Gomelez no vivía solo en la villa. Tenía una docena de empleados, unos externos y otros que vivían allí. Básicamente eran dos jardineros, un chófer, una enfermera, cuatro amas de llaves, un secretario que hacía las veces de ayuda de cámara, dos cocineros y algunos guardas de seguridad que rara vez se dejaban ver y que patrullaban la finca recorriendo el perímetro de la misma en carritos de golf.

—No puedo hablar con ninguno de ellos —se lamentó Gomelez—. Son idiotas.

—No son sólo idiotas —se burló Dunphy—; también son unos vagos. No sé dónde se habrían metido la otra noche, pero la entrada no la vigilaba nadie. Nosotros llegamos tranquilamente por el camino, e igual que lo hicimos nosotros podría haber entrado el ejército ruso.

—Pues claro que entraron tranquilamente. De eso se trataba —señaló Gomelez.

—¿Qué quiere decir? —preguntó Clem.

—Pues que ellos querían que ustedes entrasen. Y yo también lo deseaba.

—¿Pero por qué?

—Pues porque ellos no eran capaces de encontrarlos a ustedes, pero por lo visto usted sí los encontraba siempre a ellos: primero en Londres, luego en Zug y más tarde en París. Así que, al parecer, a su amigo Matta no le quedó más remedio que devanarse los sesos pensando. Y decidieron dejar que fuera la montaña quien acudiera a Mahoma.

—De modo que estamos atrapados aquí… —dijo Dunphy.

Gomelez se encogió de hombros.

—Nunca ha habido violencia en esta villa, señor Dunphy. Y nunca la habrá.

—¿Y si…? Es decir… ¿y cuando… intentemos marcharnos?

—Los matarán en cuanto crucen los límites.

Dunphy se quedó pensando.

—Antes ha dicho: «Ellos querían que ustedes entrasen. Y yo también lo deseaba». ¿A qué se refería?

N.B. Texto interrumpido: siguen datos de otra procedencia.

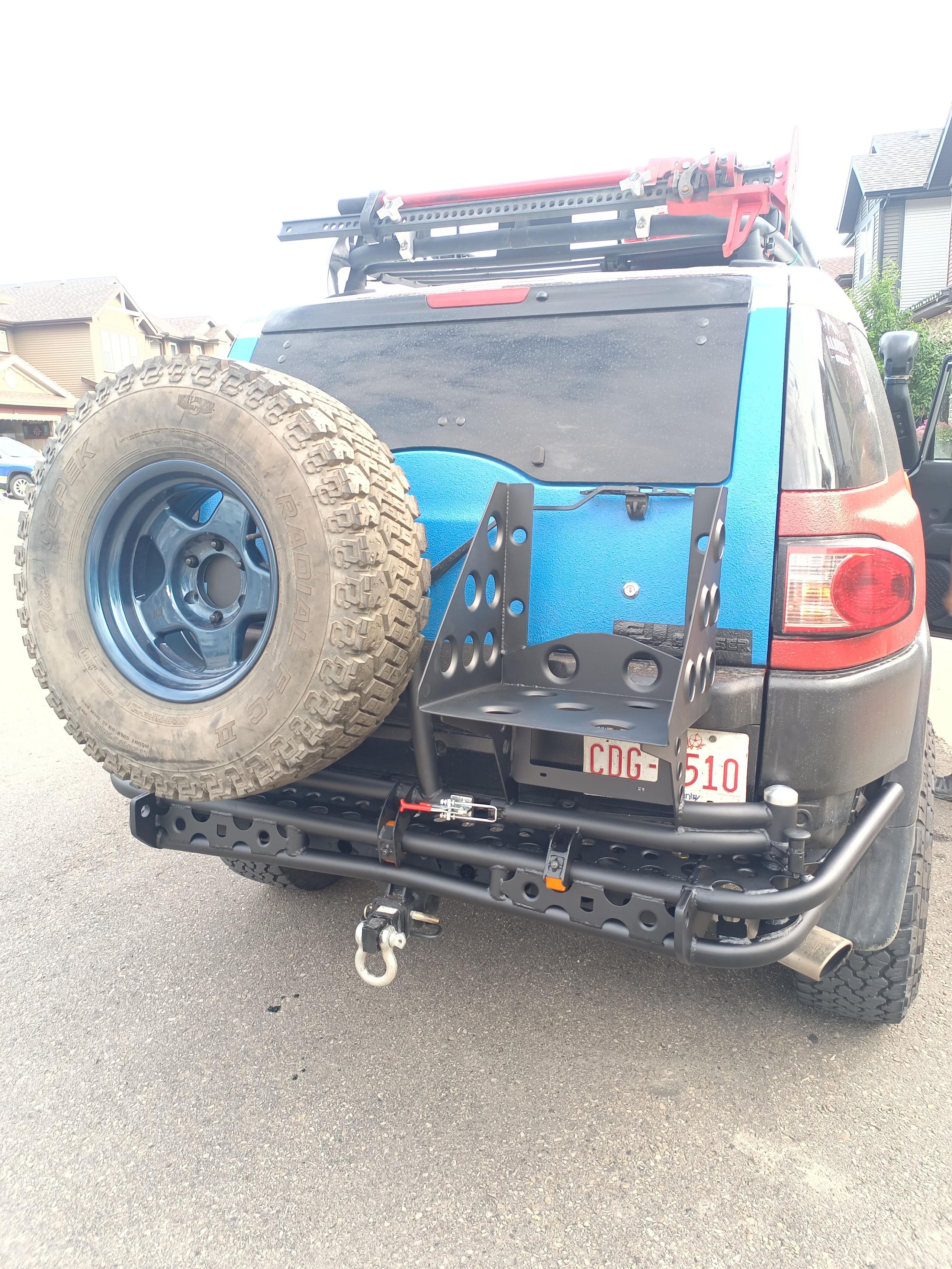 Custom off-road dual swingout tube race bumper with dual gas can holder for Toyota FJ Cruiser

—Ah —exclamó Gomelez-—. Ahora ha dado en el clavo. Lo que he querido decir es que yo estoy prisionero aquí igual que ustedes. Y aunque puedo caminar, no consigo ir muy lejos. Soy viejo y la silla de ruedas con motor es una gran ventaja. Pero, como puede imaginar, me sería muy difícil marcharme de aquí sin la ayuda de nadie…

Dunphy comprendió inmediatamente lo que quería decir el anciano.

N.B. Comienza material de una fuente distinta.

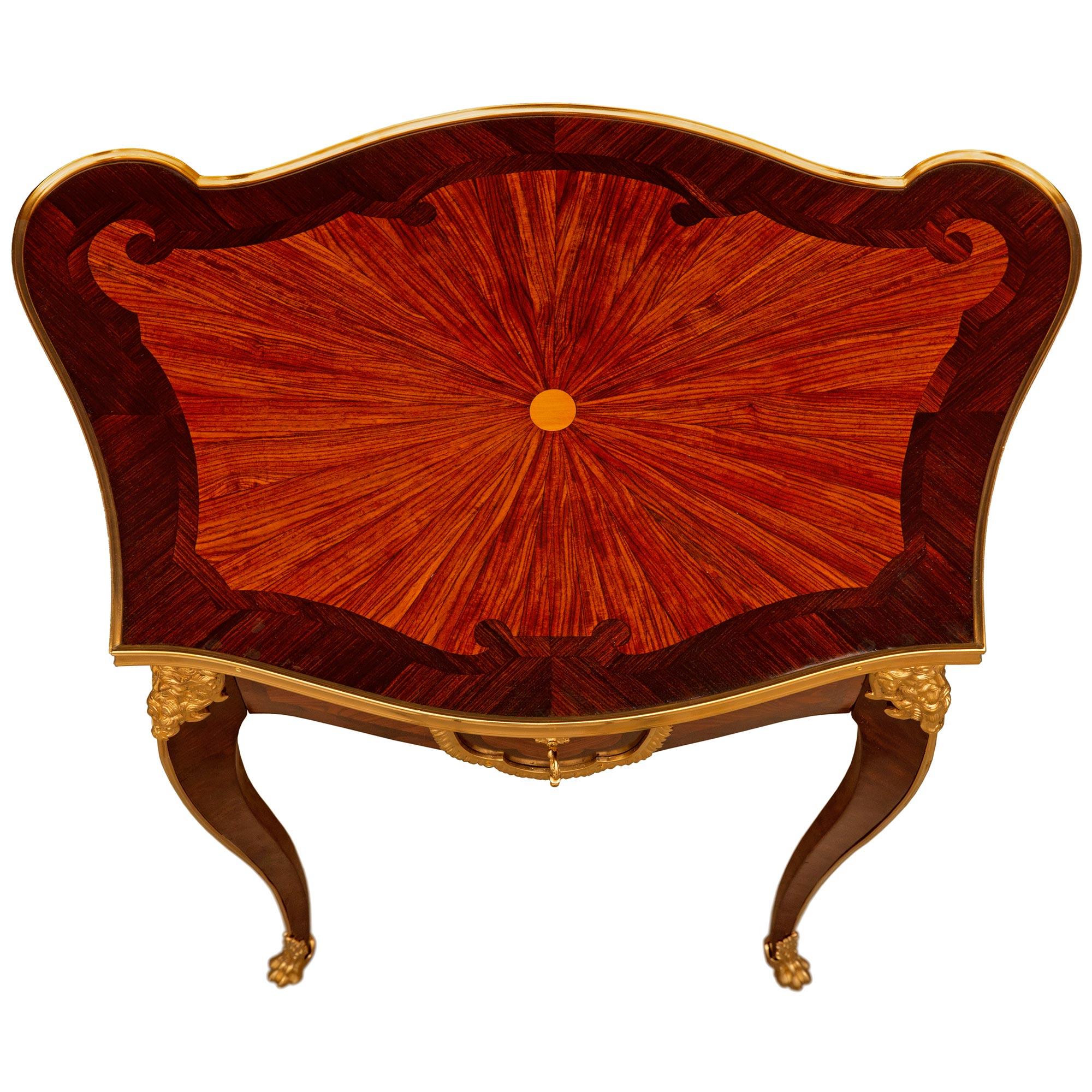 A uniquely shaped and high quality French 19th century Belle Epoque period Louis XV st. Tulipwood, Kingwood and ormolu side table. The table is raised by four slender cabriole legs decorated with a top ormolu mount of a bearded masculine mask above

—Pero usted ha estado pensando en cómo…

Gomelez asintió.

—No he pensado en otra cosa desde que tenía cincuenta años. —Luego miró a Dunphy de pies a cabeza y le preguntó—: ¿Está usted fuerte?

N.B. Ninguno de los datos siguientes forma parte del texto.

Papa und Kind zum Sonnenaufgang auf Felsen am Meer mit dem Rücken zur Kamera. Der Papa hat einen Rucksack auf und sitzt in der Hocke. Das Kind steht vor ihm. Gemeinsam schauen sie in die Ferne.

Dunphy se encogió de hombros.

—Sí, supongo que sí. ¿Por qué?

—Sólo quería saberlo. —Y dicho eso, el anciano giró con la silla y les indicó que lo siguieran—. Permitan que les muestre algo.

Pulsó un botón en el brazo de la silla y ésta salió disparada hacia adelante.

Cruzaron la biblioteca y llegaron hasta el gran salón, donde los aguardaba un ascensor de principios de siglo. Dunphy vio que las puertas de hierro forjado del mismo representaban una recreación de la caída de Lucifer y sus ángeles. Las sostuvo abiertas para que entrasen Gomelez y la muchacha y luego pasó él. La puertas traquetearon al cerrarse cuando Gomelez insertó una llave en el panel de control. Poco a poco el ascensor inició el descenso.

Al cabo de unos segundos llegaron al subsótano de la villa. Dunphy esperaba encontrar allí una bodega o tal vez unas mazmorras, pero en cambio vio un pulcro pasillo que conducía a una estancia de despachos ultramodernos. Los teléfonos sonaban sin parar. Los teclados producían su característico ruido. Las fotocopiadoras zumbaban. Hombres y mujeres vestidos de oscuro iban y venían, atareados dirigiendo de vez en cuando una mirada de soslayo a Gomelez.